_What the task asks_
Return the following from the records below: each line, word for word, starting with the line that contains "We promise to" and going on through the line that contains "LED recessed patio", with nothing outside that range.

_Extracted entries_
※ ※ ※

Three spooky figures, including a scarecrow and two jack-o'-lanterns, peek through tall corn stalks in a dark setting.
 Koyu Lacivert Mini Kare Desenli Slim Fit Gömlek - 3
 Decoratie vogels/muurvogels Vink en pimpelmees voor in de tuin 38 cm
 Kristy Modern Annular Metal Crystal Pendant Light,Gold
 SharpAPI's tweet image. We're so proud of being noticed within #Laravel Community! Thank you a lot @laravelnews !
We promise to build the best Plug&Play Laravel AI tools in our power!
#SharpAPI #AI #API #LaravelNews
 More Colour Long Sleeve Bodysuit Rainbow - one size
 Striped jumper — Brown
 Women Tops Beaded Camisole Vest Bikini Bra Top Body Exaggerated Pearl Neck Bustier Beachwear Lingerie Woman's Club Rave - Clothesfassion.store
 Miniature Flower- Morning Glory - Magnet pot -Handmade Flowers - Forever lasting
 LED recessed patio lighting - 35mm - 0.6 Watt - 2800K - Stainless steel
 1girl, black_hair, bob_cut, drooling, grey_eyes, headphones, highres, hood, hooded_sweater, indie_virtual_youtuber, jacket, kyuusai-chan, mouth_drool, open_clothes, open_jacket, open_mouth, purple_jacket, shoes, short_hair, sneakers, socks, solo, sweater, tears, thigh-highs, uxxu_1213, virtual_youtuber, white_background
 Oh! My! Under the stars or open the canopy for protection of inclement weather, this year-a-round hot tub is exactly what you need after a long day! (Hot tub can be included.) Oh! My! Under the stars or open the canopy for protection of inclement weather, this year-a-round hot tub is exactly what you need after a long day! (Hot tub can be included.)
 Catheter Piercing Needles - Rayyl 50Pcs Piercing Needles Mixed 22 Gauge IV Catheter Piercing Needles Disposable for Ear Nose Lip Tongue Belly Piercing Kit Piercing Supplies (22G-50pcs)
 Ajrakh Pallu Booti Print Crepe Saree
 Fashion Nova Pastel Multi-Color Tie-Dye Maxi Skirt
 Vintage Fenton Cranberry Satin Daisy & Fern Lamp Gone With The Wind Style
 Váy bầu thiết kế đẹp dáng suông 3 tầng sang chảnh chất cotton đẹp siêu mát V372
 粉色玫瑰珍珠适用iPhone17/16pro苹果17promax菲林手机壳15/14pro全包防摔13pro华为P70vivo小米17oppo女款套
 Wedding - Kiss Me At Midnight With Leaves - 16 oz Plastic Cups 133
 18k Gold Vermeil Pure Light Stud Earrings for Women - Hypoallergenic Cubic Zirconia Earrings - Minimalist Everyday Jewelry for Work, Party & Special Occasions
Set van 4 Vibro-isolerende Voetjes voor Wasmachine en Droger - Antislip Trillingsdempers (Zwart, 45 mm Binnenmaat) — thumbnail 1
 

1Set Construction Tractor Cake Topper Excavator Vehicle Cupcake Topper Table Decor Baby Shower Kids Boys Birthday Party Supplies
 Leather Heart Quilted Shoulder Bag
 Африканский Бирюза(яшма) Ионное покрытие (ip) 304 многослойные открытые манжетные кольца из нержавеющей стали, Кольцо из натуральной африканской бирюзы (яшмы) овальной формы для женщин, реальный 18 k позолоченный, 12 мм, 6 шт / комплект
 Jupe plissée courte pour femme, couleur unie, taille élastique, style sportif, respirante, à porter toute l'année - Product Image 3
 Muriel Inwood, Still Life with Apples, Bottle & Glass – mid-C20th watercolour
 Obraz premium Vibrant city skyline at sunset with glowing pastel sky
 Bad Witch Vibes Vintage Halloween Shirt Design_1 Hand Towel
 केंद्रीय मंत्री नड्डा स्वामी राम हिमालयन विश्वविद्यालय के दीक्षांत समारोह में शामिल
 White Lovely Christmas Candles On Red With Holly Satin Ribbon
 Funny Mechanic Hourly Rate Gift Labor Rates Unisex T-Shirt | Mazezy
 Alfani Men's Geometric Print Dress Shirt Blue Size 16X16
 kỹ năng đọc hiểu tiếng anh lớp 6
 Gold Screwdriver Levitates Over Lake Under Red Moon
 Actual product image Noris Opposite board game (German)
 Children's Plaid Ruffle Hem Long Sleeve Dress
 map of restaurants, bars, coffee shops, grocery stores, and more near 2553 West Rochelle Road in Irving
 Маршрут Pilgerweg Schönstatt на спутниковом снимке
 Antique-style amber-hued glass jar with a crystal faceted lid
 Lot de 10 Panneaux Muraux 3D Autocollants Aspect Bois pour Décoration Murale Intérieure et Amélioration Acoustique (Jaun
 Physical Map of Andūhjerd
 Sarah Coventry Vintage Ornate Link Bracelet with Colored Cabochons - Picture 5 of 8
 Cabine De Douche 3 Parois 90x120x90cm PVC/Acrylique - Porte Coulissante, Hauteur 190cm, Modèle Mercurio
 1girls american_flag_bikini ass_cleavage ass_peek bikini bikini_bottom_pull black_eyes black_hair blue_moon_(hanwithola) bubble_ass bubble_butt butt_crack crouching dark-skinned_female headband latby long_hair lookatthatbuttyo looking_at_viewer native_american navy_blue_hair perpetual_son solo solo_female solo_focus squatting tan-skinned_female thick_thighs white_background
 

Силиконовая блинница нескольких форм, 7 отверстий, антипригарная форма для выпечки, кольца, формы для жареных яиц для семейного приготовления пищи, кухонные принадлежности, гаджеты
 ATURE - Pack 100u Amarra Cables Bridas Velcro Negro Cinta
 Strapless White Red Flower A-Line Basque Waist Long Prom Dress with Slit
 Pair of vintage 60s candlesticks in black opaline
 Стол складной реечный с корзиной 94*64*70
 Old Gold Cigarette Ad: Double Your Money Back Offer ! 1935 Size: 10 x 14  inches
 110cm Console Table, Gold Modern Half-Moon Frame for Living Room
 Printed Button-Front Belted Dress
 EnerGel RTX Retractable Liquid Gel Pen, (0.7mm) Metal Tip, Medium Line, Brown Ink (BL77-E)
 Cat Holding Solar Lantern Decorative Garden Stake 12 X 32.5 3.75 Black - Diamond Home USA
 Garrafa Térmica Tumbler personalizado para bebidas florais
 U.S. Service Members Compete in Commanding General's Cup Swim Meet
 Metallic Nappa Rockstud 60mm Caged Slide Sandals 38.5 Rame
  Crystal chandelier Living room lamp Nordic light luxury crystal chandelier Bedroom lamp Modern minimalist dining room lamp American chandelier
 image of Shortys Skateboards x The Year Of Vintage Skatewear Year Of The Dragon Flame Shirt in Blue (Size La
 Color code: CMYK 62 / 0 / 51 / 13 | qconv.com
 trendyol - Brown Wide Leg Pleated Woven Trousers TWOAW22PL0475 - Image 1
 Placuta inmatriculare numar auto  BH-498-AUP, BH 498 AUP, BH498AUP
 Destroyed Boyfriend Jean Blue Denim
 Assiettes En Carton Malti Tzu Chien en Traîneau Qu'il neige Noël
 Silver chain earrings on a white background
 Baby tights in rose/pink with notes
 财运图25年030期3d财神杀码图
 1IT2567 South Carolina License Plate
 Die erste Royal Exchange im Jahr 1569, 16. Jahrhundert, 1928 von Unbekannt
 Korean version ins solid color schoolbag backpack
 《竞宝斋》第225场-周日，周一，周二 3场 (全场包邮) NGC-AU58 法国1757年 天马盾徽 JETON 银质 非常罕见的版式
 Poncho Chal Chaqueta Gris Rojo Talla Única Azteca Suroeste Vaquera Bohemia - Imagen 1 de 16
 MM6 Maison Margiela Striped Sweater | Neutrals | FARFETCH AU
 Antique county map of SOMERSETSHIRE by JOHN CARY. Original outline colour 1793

※ ※ ※

_Written solution_
We promise to build the best Plug&Play Laravel AI tools in our power!
#SharpAPI #AI #API #LaravelNews
 More Colour Long Sleeve Bodysuit Rainbow - one size
 Striped jumper — Brown
 Women Tops Beaded Camisole Vest Bikini Bra Top Body Exaggerated Pearl Neck Bustier Beachwear Lingerie Woman's Club Rave - Clothesfassion.store
 Miniature Flower- Morning Glory - Magnet pot -Handmade Flowers - Forever lasting
 LED recessed patio lighting - 35mm - 0.6 Watt - 2800K - Stainless steel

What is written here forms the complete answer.